## AIM OF THE EXERCISE
Print every line below exactly as written, but leave the pictures behind.

## DATA SECTION
* * * *
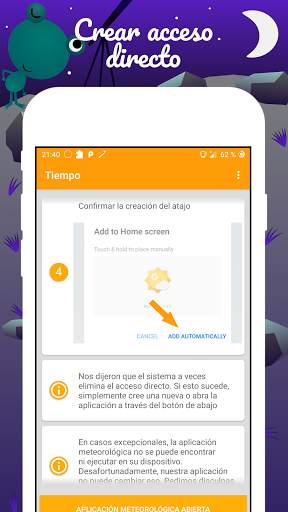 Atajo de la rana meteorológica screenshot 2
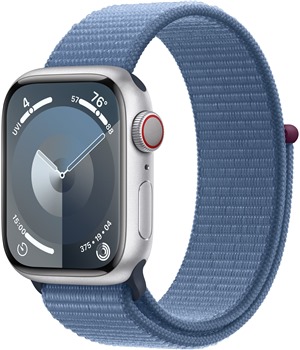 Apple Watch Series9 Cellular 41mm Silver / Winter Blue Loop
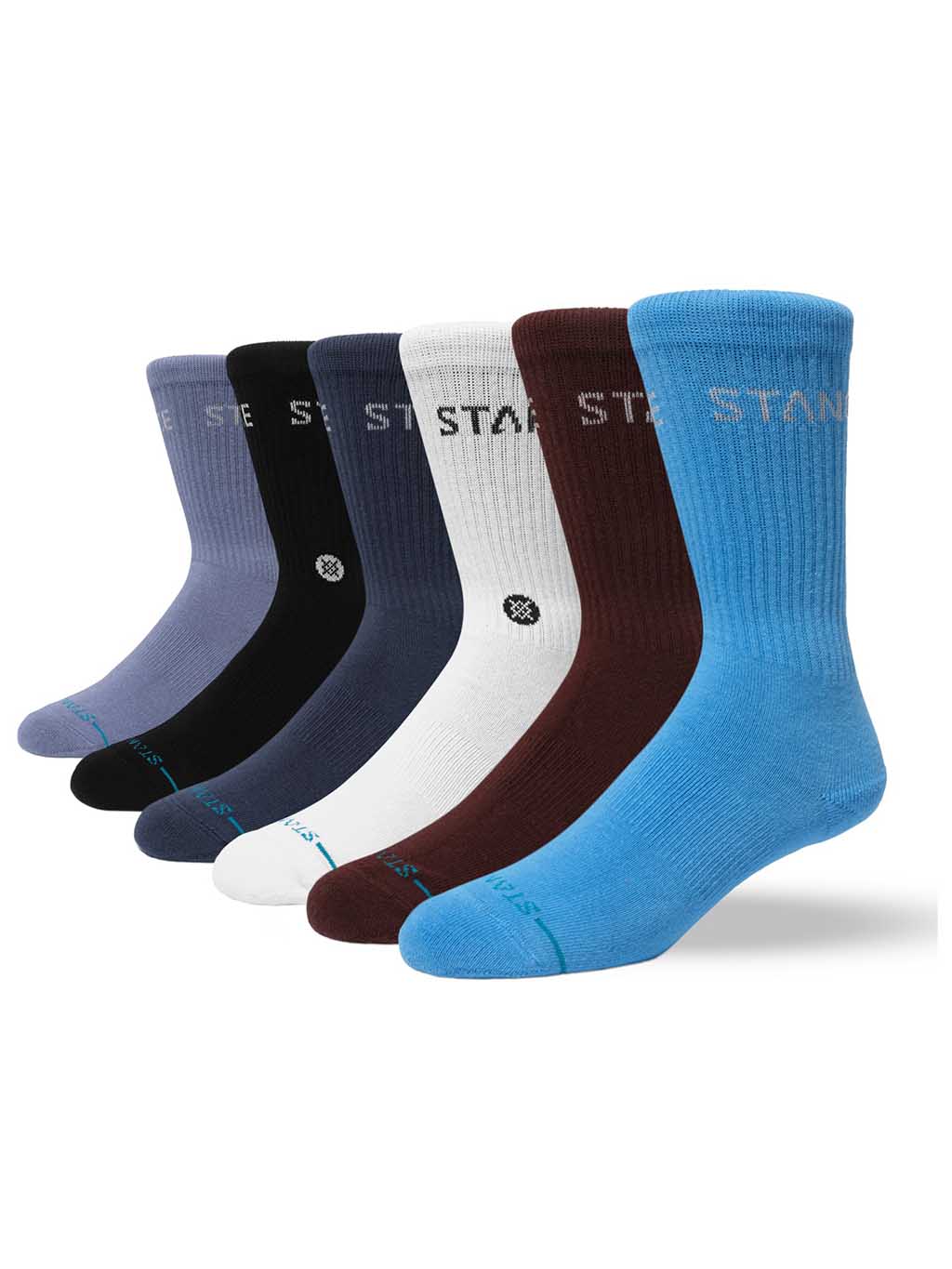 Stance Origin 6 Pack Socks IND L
* * * *
## ANSWER TO THIS PROBLEM
 Atajo de la rana meteorológica screenshot 2
 Apple Watch Series9 Cellular 41mm Silver / Winter Blue Loop
 Stance Origin 6 Pack Socks IND L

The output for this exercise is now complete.